The ground split beneath its weight.

[ Trial Extension: Guardian of the Gate has manifested. ]

[ Condition: To claim a stronghold, sacrifice must be offered. ]

The words carved themselves into their skin. Not metaphorical—Hae-won felt them burned onto his arm, letters dripping crimson like fresh wounds.

Do-hyun hissed. "Sacrifice? What the hell does that mean—"

"It means one of us," Seong-wu answered coldly, his golden aura flaring. "This trial isn't complicated. We bleed—or we're consumed."

The guardian raised its arms, chains rattling like laughter.

Arin's voice shook. "No—there has to be another way!"

But Hae-won already knew. The Dream whispered it. Five hundred regressions howled it. Every scenario wanted blood. Every scenario demanded cost.

And in that moment, he saw it—another flicker of futures, tearing his sanity in half.

• Do-hyun, broken, thrown to the guardian.

• Ha-young, offering herself with a grin that never reached her eyes.

• Seong-wu forcing the choice with his blade.

• Arin screaming, clutching his sleeve, begging—

Too many endings.
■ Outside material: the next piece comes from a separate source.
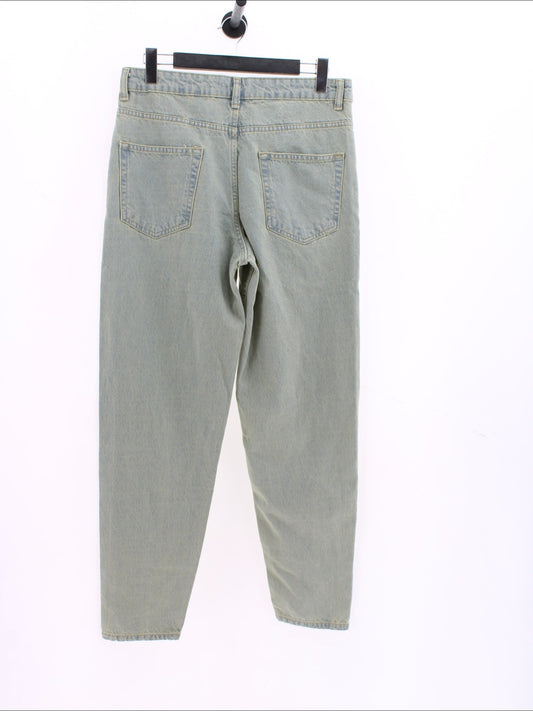 ffe0cdd7b6bd4a56c459e354ae1f1cd5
All wrong.

Hae-won stepped forward, blood dripping from his hand where he dug his nails into his palm.

"If sacrifice is what it wants…" His voice trembled with exhaustion and fury. "Then I'll rewrite it."

The guardian's chains tightened. The ground quaked.

And as the others shouted his name, Hae-won let the Dream surge through him, every nerve burning, sanity unraveling—

—and reached to defy the condition itself.